Washington, Jun 13, 2003 - Last week two major bills passed the House of Representatives that I co-sponsored.

The first bill reduces the amount of gambling online. The second ends the filing of frivolous lawsuits, an abusive practice that hurts consumers and clogs our courts.

Internet gambling threatens young people across America. It is a deceptive crime that is difficult to stop.

What if you discovered someone built a casino next to your house and invited your children in to gamble? Unfortunately, the news is worse.

Casinos are already inside homes across America. Every computer with an Internet connection is a child accessible casino that offers an invitation to gamble.

At the click of a mouse, virtual casinos appear on computer screens. All that’s required to play is a credit card number and time. Our young people increasingly have both.

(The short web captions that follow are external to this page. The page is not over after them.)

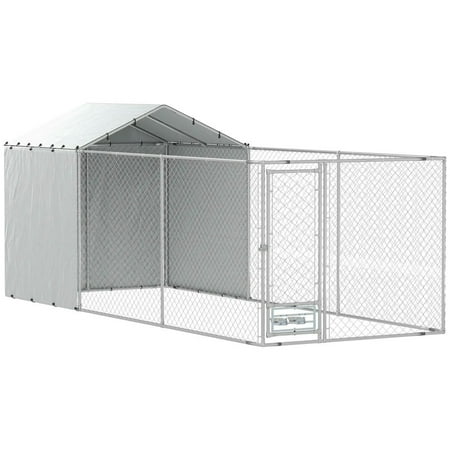 Resenkos Dog House Pet House Dog Cave Large Outdoor Dog Kennel with Waterproof & UV-Resistant Cover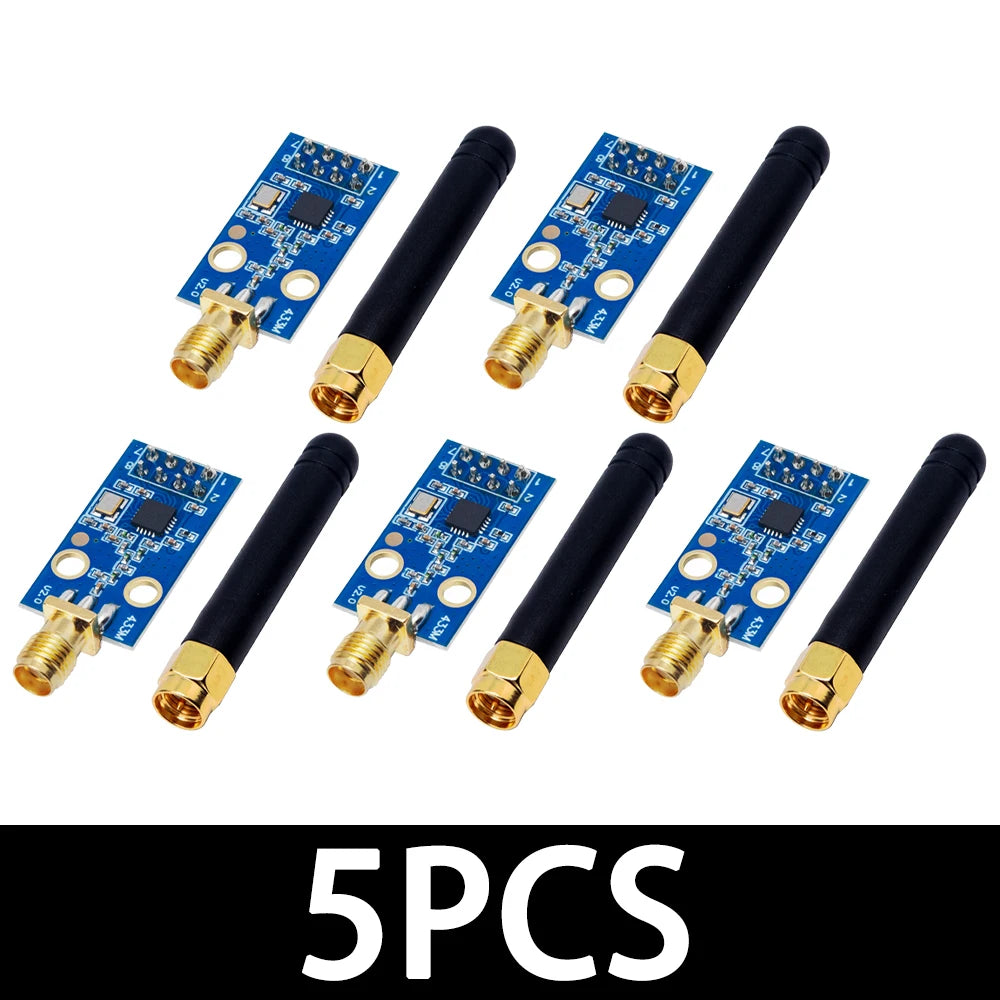 CC1101 433/868MHz Wireless Transceiver Module – 10mW Long Range (300–1000m) with SMA Antenna for Arduino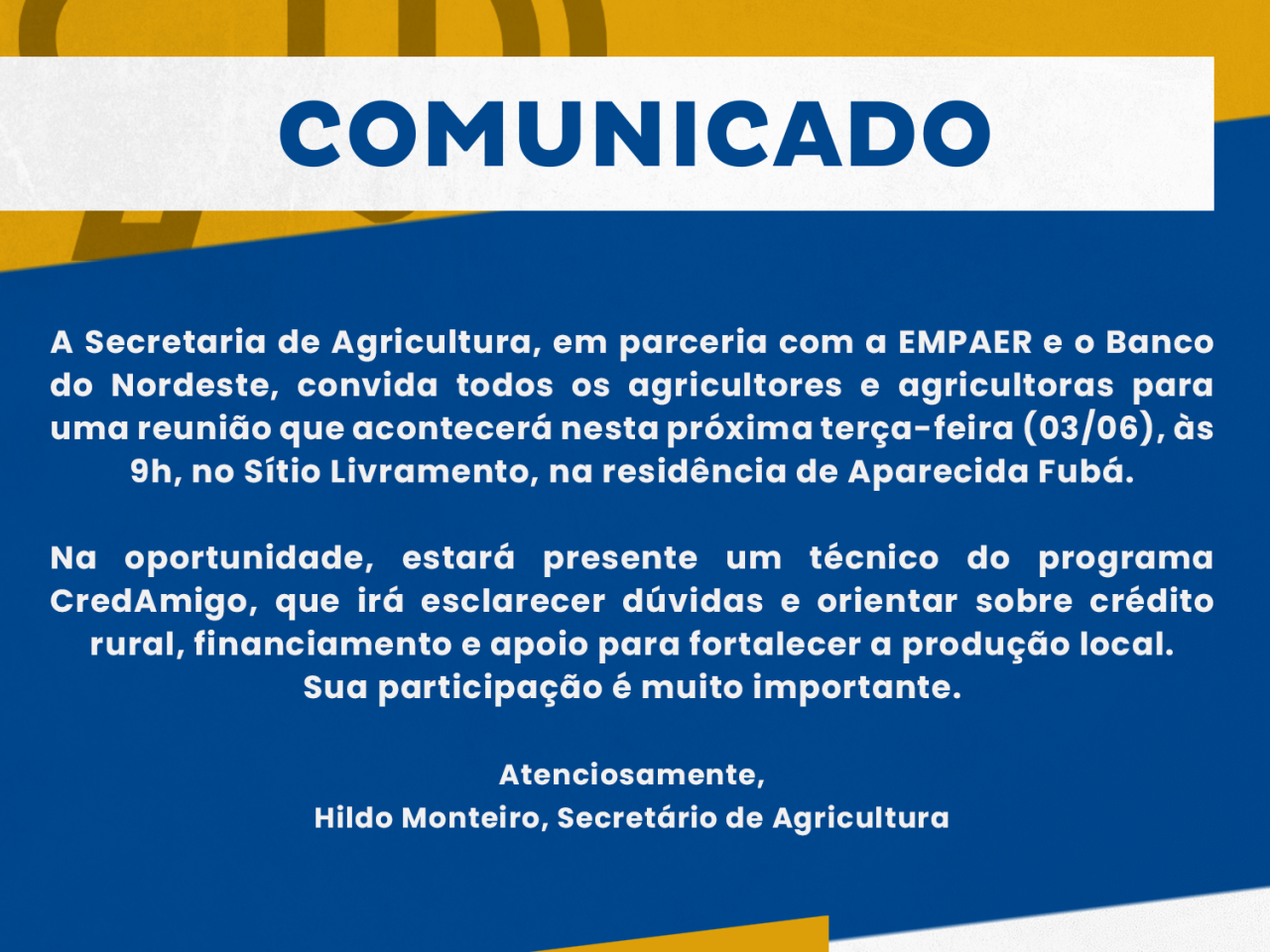 COMUNICADO
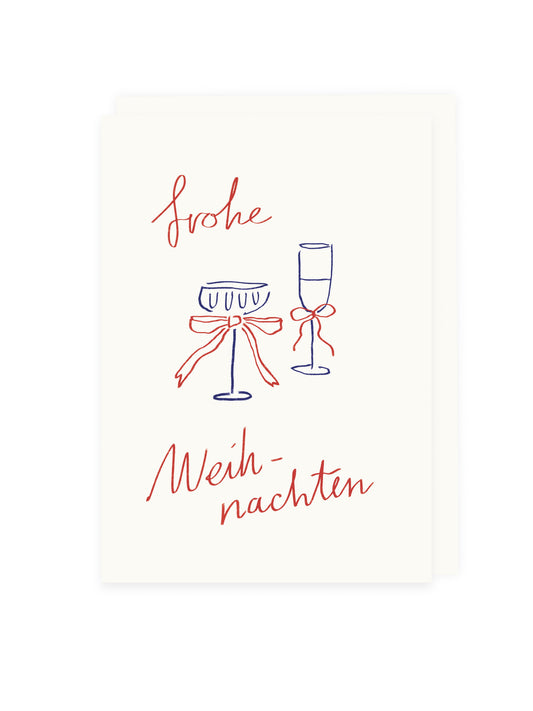 Folding card 'Merry Christmas' (Risograph)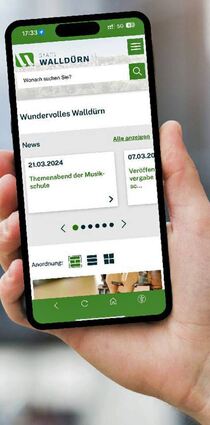 Die Walldürn-App kann man sich herunterladen.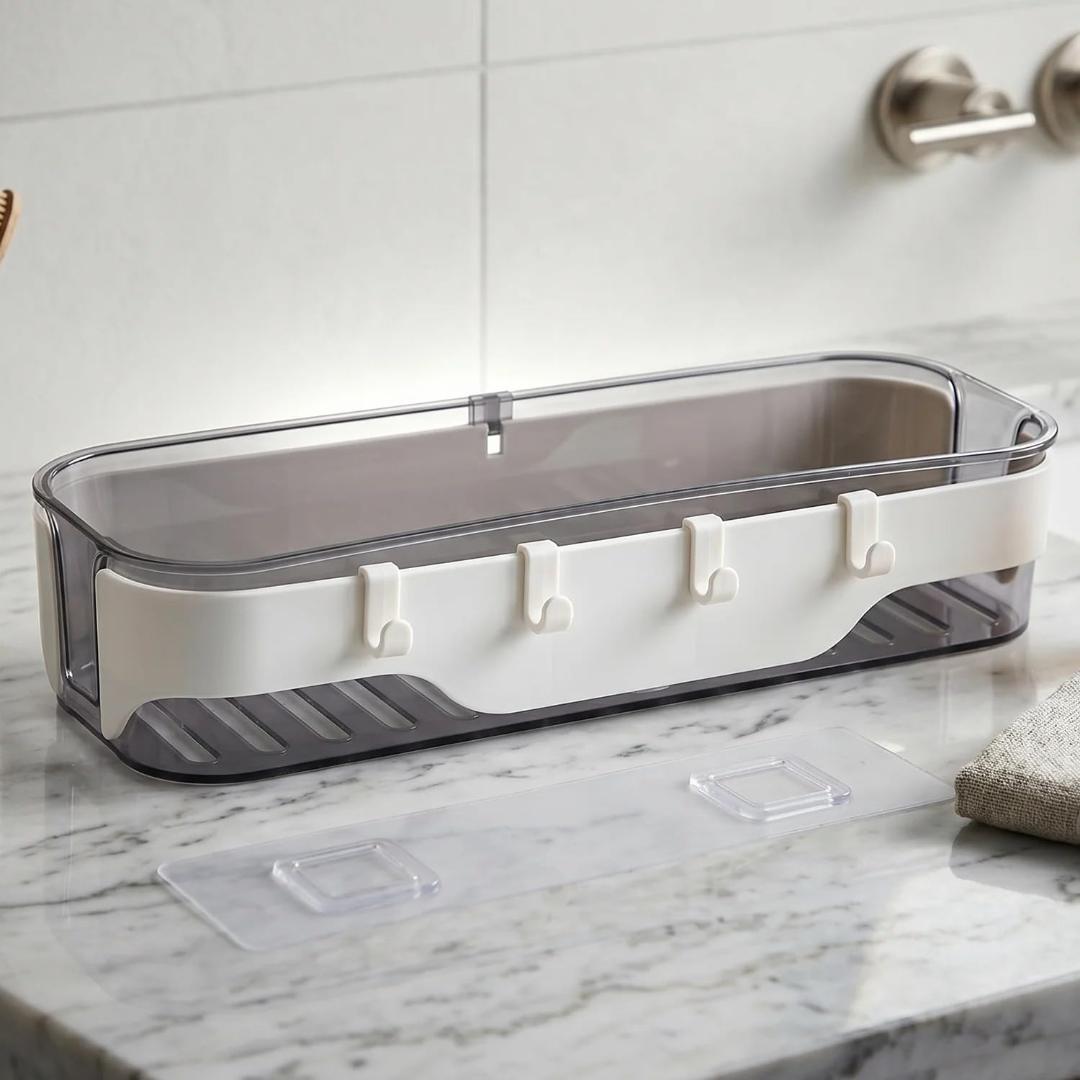 3-Layer Multipurpose Plastic Corner Storage Rack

Almost 80 percent of college students have credit cards and nearly a third have four or more credit cards. With more than 1,500 gambling sites on the Internet, it’s just a matter of time before young people find one.

If the negative impact on our children, families and communities isn’t enough, the FBI reports that unlawful and unsupervised Internet gambling sites serve as a powerful vehicle for money laundering, which terrorists use to finance attacks on innocent Americans.

The people who create and run Internet gambling sites do it for one reason: money. The Unlawful Internet Gambling Funding Prohibition Act I support ends Internet gambling by making it illegal to place a bet online with a credit card, check, or electronic transfer.

In addition to a ban on Internet gambling, the House passed legislation to prevent state courts from being overrun with frivolous lawsuits.

Many lawyers, looking for the most favorable judges, conduct the equivalent of a legal shopping spree: they use loopholes so class action suits can be heard in state courts rather than federal courts.

Only lawyers hit the jackpot in the class action lottery. In one settlement, consumers were awarded 33-cent checks with Chase Manhattan bank, while attorneys in the case walked away with $4 million in fees. But class members had to use a 34-cent stamp to mail in the response to claim the 33-cent award!

To describe this suit - as well as a few others - as “frivolous” is an insult to frivolousness.

The Class Action Fairness Act is a reform that restores confidence in our judicial system. It prohibits the payment of “bounties” to class representatives and ensures cases that cross state lines are heard in federal courts, as the framers of the Constitution intended.

This reform eases the strain on overburdened state courts, provides a uniform standard for class action suits that involve residents of different states, and avoids the problems that can occur when one state court dictates the laws of 49 other states.

Both of these bills make significant progress toward a stronger America by improving the health of our culture. They await action in the U.S. Senate.